[Saved data entries]
━━━━━━━━━━
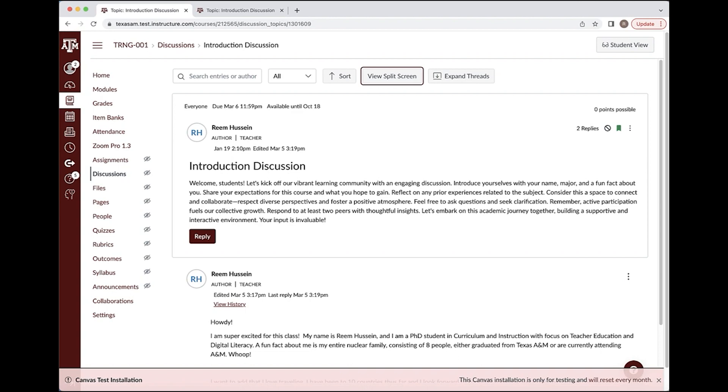The redesign of the discussion feature in Canvas allows for an elevated experience for both professors and students. The discussion redesign will be permanently turned on by Instructure in July of 2024. This means that the older version will no longer exist in Canvas.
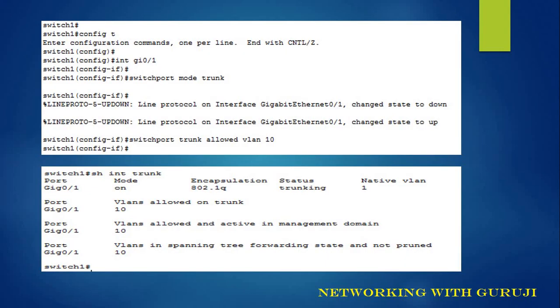Now let's configure trunk. To configure trunk, we first go into the global config mode. Then we move to the particular interface. We use the command switchport mode trunk. After that we allow the particular VLAN. Here we are using VLAN 10, so switchport trunk allowed VLAN 10.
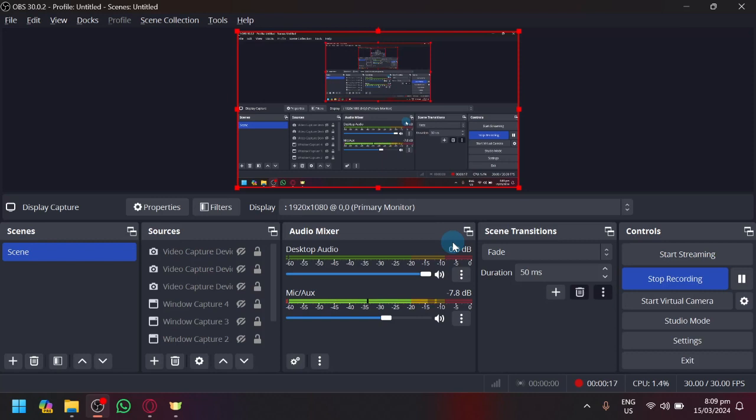Now the only time the OBS Virtual Camera will be used when you're using Facebook Messenger is when you're going to voice call or video call someone on your Facebook.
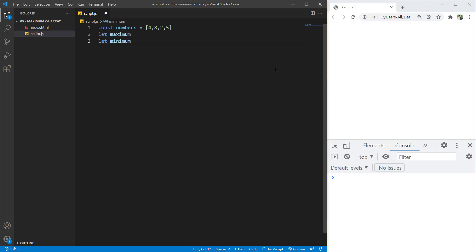Now we need to set a value for these variables. So we cannot set the value of zero for our minimum. We're going to find the minimum value by comparing each and every number to each other. But if we set the minimum to zero, in cases like this that all of our values are higher than zero, we cannot find the exact minimum number of our array and it will print us the zero at the end.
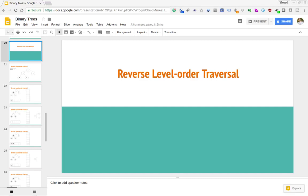In this video we're going to be looking at how to print out a reverse level order traversal of a binary tree, and then we're going to be coding that solution up in Python. If you haven't seen the previous video on this channel about level order traversal, I recommend that you watch that first, as this is an extension on that idea. If you've seen that, or if you just want to see how to reverse level order traverse a binary tree, go ahead and continue watching.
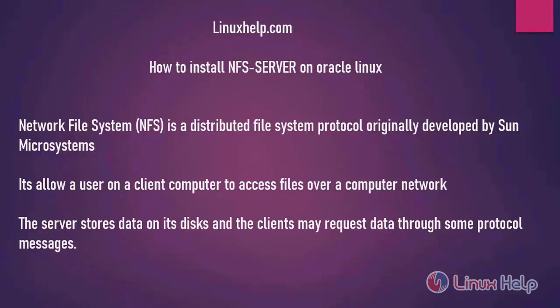Welcome to linuxhelp.com. Today's topic is how to install NFS server on Oracle Linux.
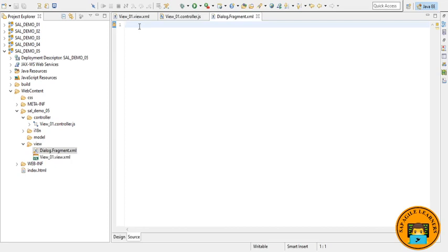So let me just write some piece of code, then I will show you what I have written here.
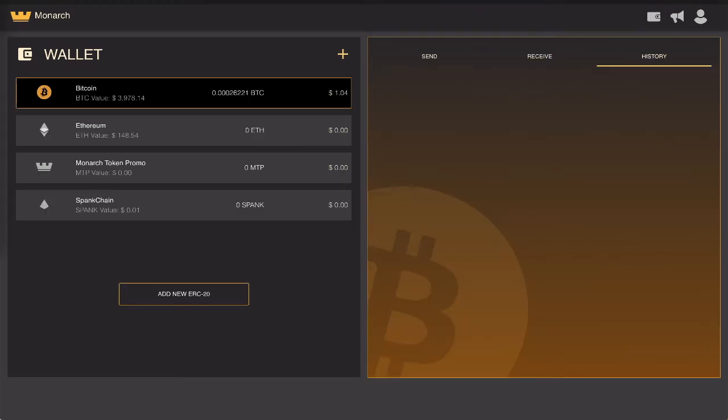Shortly after sending your Bitcoin from your mobile wallet to the desktop wallet, the confirmation process has complete and the Bitcoin are ready to be held, sent, or sold on your Monarch desktop wallet.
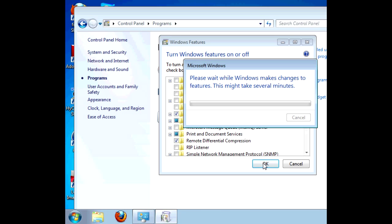Then it will take a few minutes to change the settings. Nearly done now.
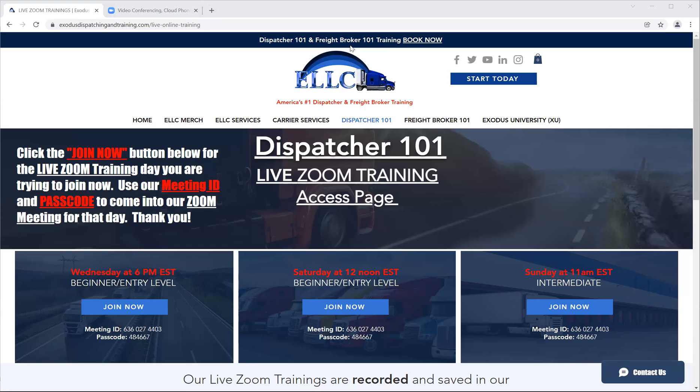Good day, good day all. Happy New Year. This is Charles with the Exodus Logistics Learning Center, Dispatcher 101, as well as Freightbroker 101.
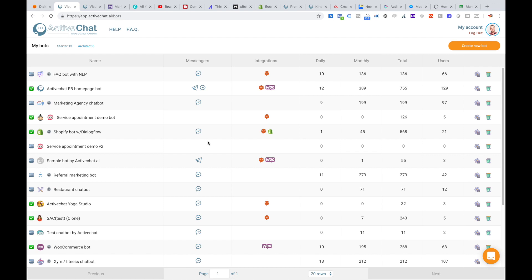Hi everyone, Andrew from activechat.ai here. In this short video we'll be talking about lead generation chatbots and sending data from your chatbot to your CRM with Zapier integration.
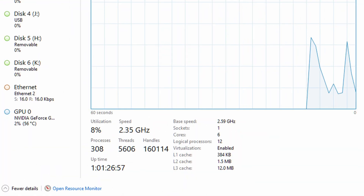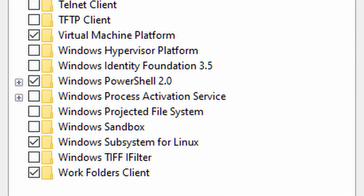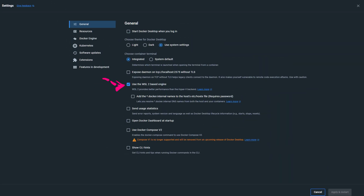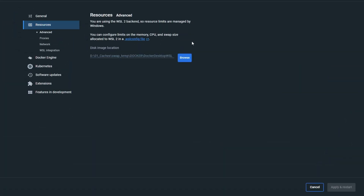Here is how I solved it. First, enable virtualization on your system. Next, enable WSL2 and set it as default. Then install Docker Desktop, and check that the main engine of Docker is WSL2. Then restart Docker. Once you restart Docker, you will see the system resources are now under control by Windows.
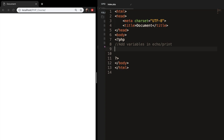Welcome back to a new episode about how to add variables in an echo or print statement. There are multiple ways to do this and there isn't one that is better than the other — it is more a preference thing. Like I showed you in the previous episode, you can display the value in a variable on a web page with an echo or print statement.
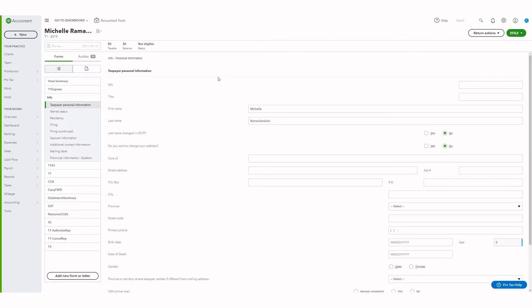From within the return, you can click here to see the linked spouse. You can also unlink the spouse by clicking on this button.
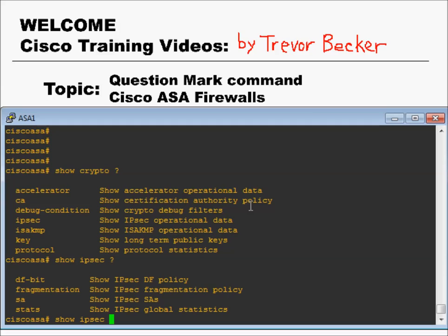Welcome to Cisco Training Videos, my name is Trevor. This video is part of my Intro to Firewall Training series, and the topic we're going to cover is the question mark command. Let's begin.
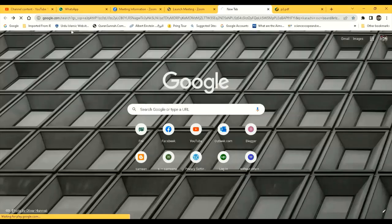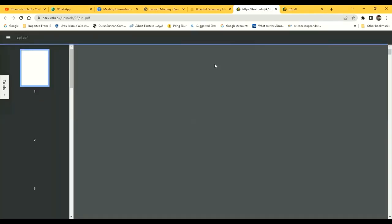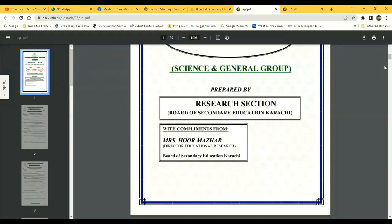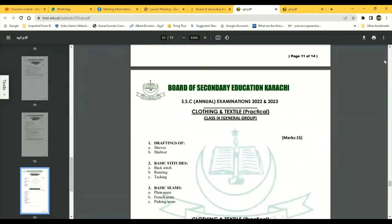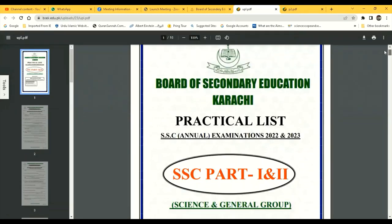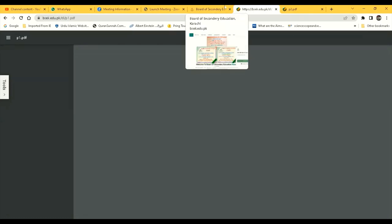How to download model papers for SSC 1 & 2 Science Group with complete practical list. Links are present in the description. Kindly comment if anyone needs help to download a required model paper for Exam 2023 Karachi Board.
━━━━━━━━━━
● TASK DETAILS:
Only lines belong in the copy: transcribe those from the start of the data through the line that contains "In this video", and skip the pictures.

● SOLUTION FOR THIS EXERCISE:
The redesign of the discussion feature in Canvas allows for an elevated experience for both professors and students. The discussion redesign will be permanently turned on by Instructure in July of 2024. This means that the older version will no longer exist in Canvas.
Now let's configure trunk. To configure trunk, we first go into the global config mode. Then we move to the particular interface. We use the command switchport mode trunk. After that we allow the particular VLAN. Here we are using VLAN 10, so switchport trunk allowed VLAN 10.
Now the only time the OBS Virtual Camera will be used when you're using Facebook Messenger is when you're going to voice call or video call someone on your Facebook.
Now we need to set a value for these variables. So we cannot set the value of zero for our minimum. We're going to find the minimum value by comparing each and every number to each other. But if we set the minimum to zero, in cases like this that all of our values are higher than zero, we cannot find the exact minimum number of our array and it will print us the zero at the end.
In this video we're going to be looking at how to print out a reverse level order traversal of a binary tree, and then we're going to be coding that solution up in Python. If you haven't seen the previous video on this channel about level order traversal, I recommend that you watch that first, as this is an extension on that idea. If you've seen that, or if you just want to see how to reverse level order traverse a binary tree, go ahead and continue watching.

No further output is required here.